»»

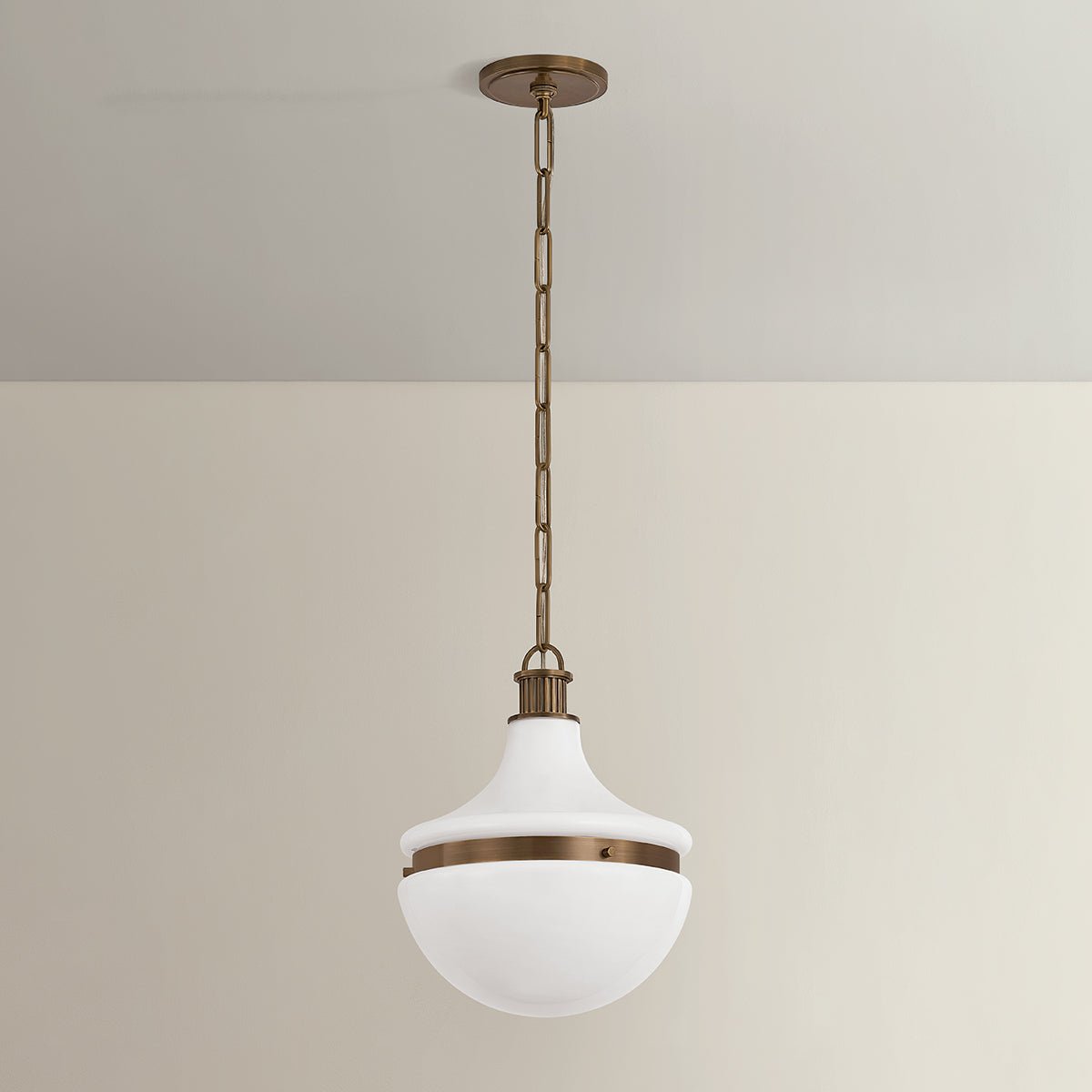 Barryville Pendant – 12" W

««
»»

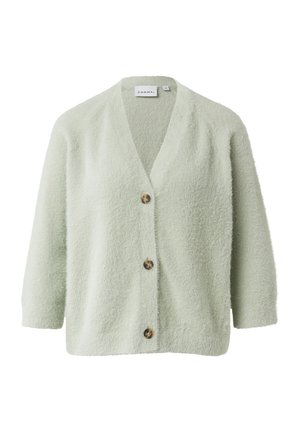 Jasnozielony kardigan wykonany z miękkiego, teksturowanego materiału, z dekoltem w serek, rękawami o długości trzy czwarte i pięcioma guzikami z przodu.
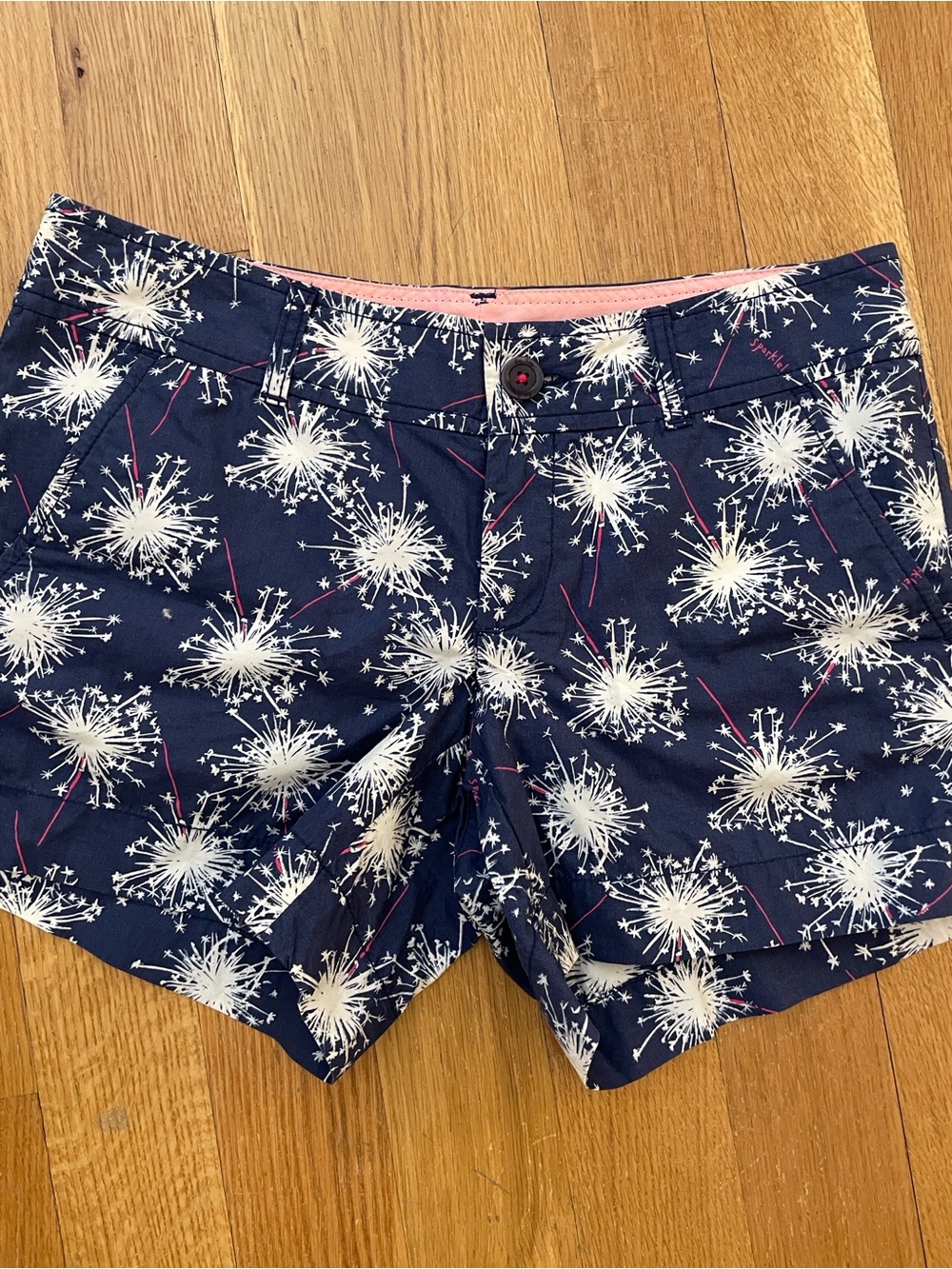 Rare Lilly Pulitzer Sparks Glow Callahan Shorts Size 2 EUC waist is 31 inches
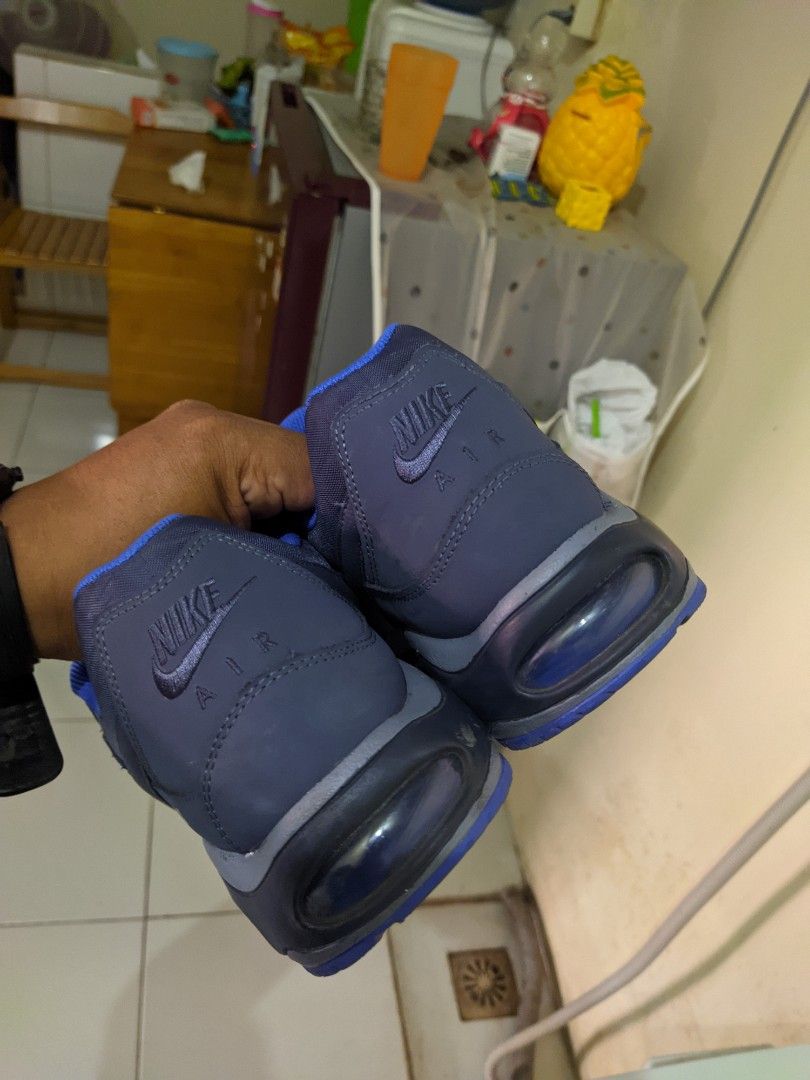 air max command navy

««
»»

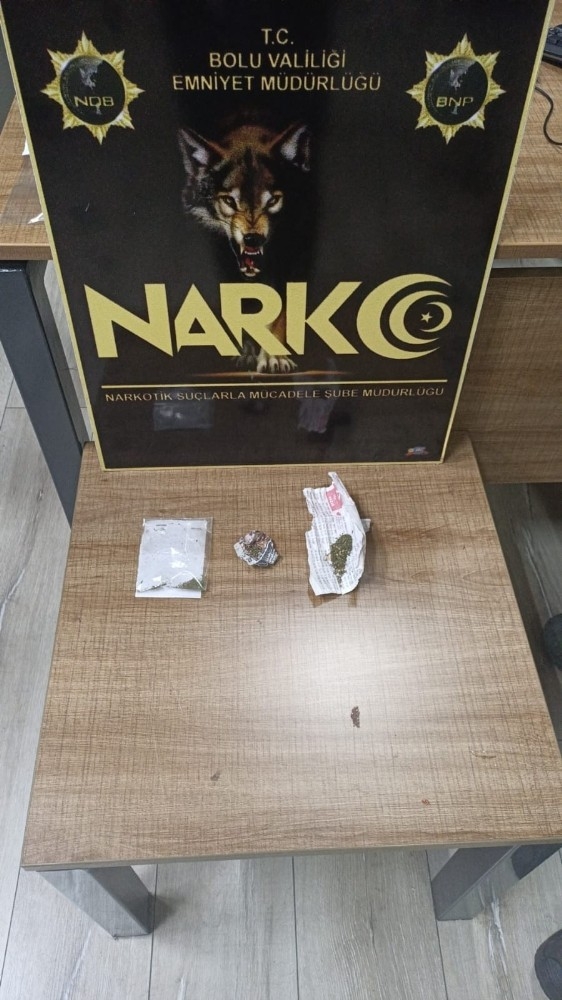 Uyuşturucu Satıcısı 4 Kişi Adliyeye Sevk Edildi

««

What this task involves
All that should appear in the answer is the lines above from the line with "Jasnozielony kardigan wykonany" through the line with "air max command navy", retyped exactly, pictures left out.

Response box
 Jasnozielony kardigan wykonany z miękkiego, teksturowanego materiału, z dekoltem w serek, rękawami o długości trzy czwarte i pięcioma guzikami z przodu.
 Rare Lilly Pulitzer Sparks Glow Callahan Shorts Size 2 EUC waist is 31 inches
 air max command navy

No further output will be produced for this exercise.